For the material that follows, list every line containing the word "Canvas".

START DATA EXCERPTS

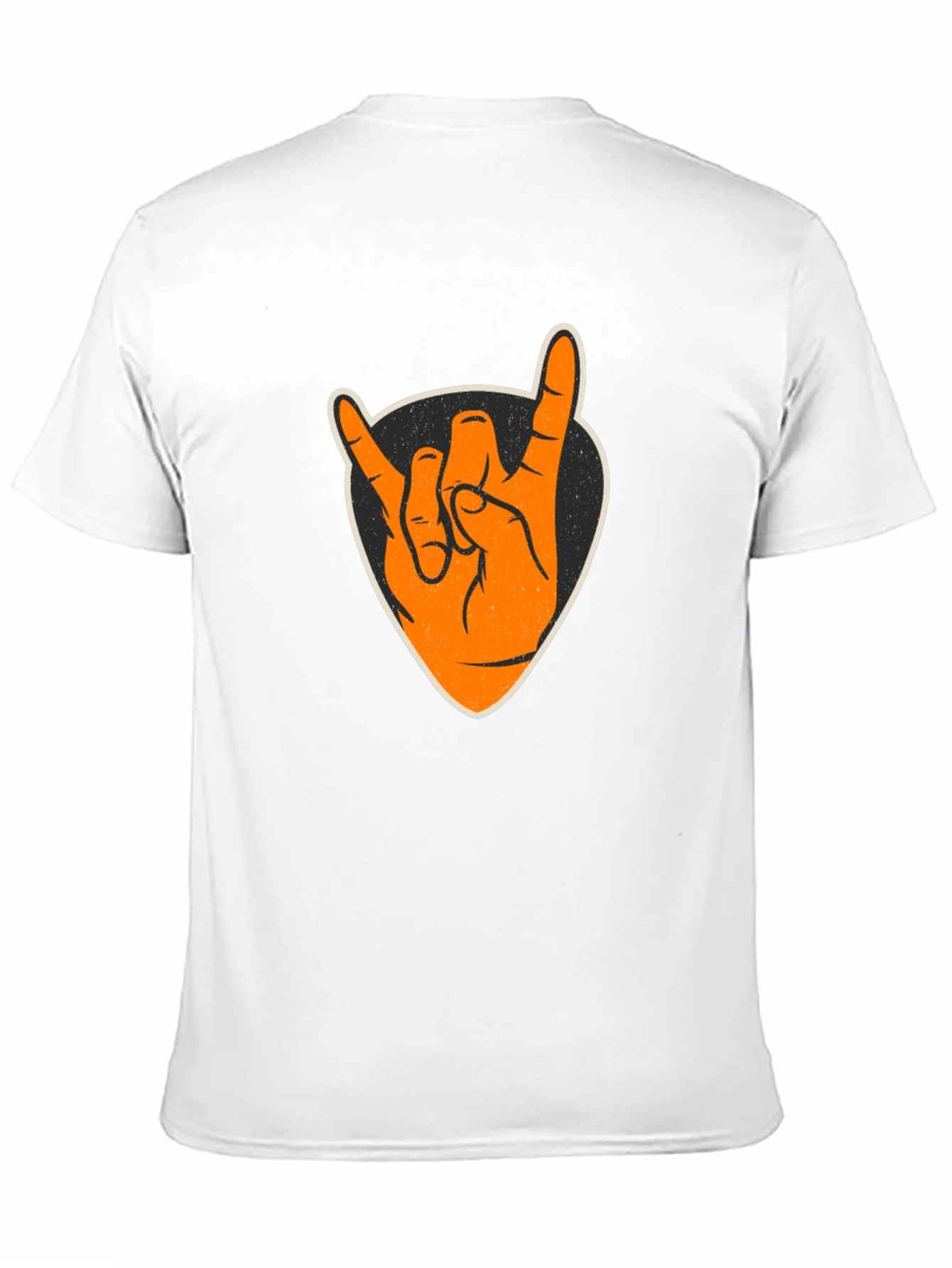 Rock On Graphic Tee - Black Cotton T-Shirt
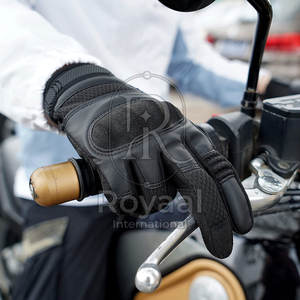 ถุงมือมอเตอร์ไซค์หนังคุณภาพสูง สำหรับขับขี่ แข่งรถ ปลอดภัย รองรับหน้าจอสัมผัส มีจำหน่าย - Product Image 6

END DATA EXCERPTS
START DATA EXCERPTS

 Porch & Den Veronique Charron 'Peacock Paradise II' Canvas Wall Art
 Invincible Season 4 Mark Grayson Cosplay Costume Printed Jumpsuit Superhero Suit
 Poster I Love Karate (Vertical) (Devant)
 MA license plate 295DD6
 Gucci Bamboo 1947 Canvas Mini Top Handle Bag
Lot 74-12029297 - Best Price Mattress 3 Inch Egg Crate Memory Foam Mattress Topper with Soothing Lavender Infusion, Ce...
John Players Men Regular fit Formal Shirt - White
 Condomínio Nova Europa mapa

END DATA EXCERPTS

■ **THE COMPLETED TASK**:
 Porch & Den Veronique Charron 'Peacock Paradise II' Canvas Wall Art
 Gucci Bamboo 1947 Canvas Mini Top Handle Bag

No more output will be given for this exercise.